◆ **Task objective**: Copy, word for word, the lines below from the one containing "白猫ユキちゃんは、とってもナイーブ" up to and including the one containing "Muscari flowers on flowerbed", with pictures left out.

◆ **Dataset**:
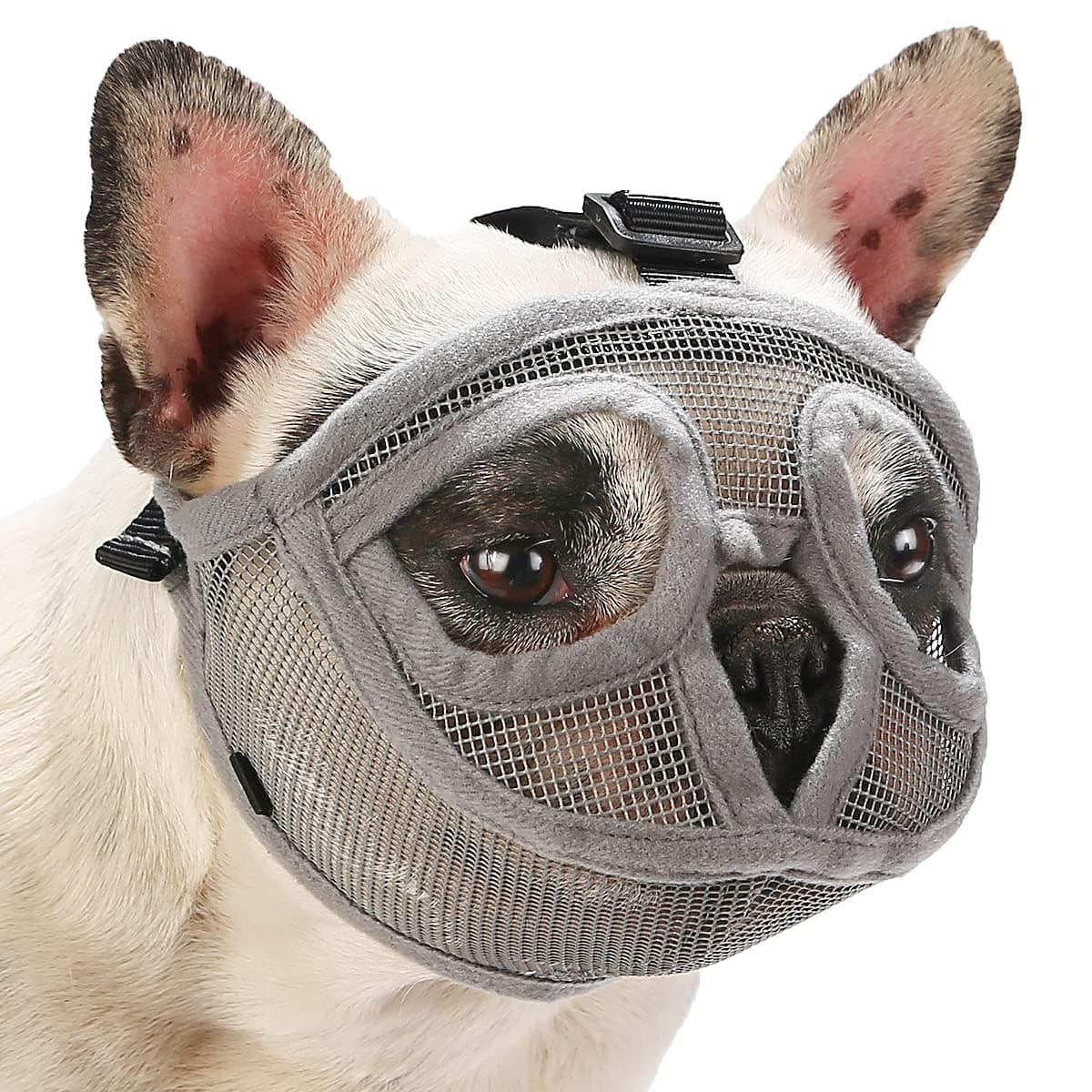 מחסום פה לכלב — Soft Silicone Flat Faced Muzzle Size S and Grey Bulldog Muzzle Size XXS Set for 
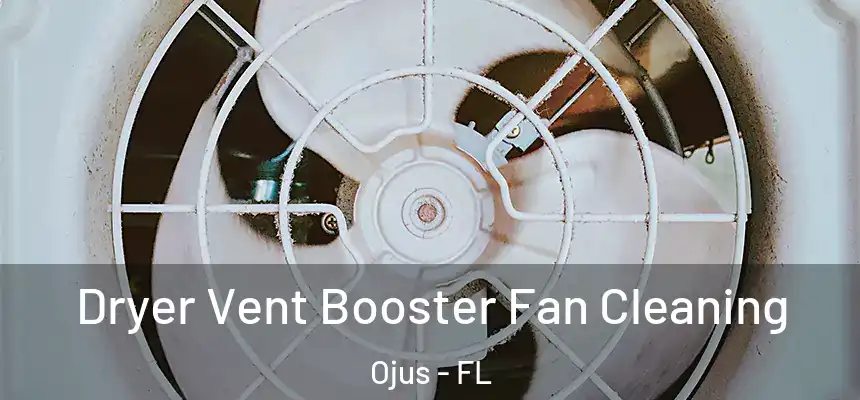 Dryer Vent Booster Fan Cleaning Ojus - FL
--
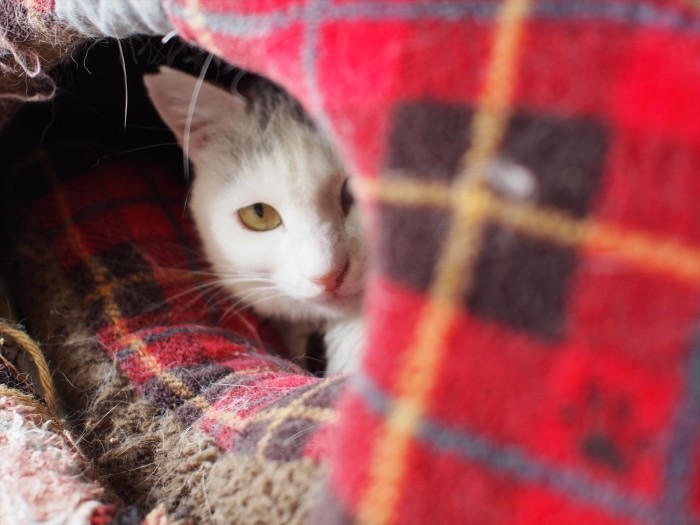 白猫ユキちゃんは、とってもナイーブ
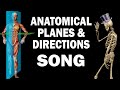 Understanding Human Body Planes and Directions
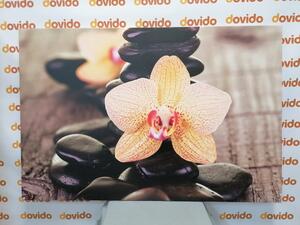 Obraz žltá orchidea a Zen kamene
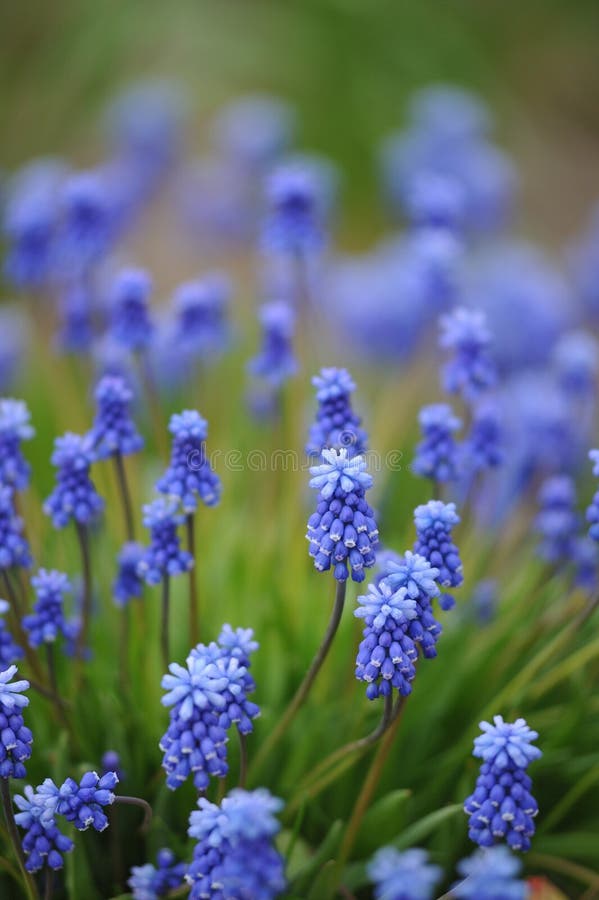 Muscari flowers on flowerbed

◆ **Answer to this exercise**:
 白猫ユキちゃんは、とってもナイーブ
 Understanding Human Body Planes and Directions
 Obraz žltá orchidea a Zen kamene
 Muscari flowers on flowerbed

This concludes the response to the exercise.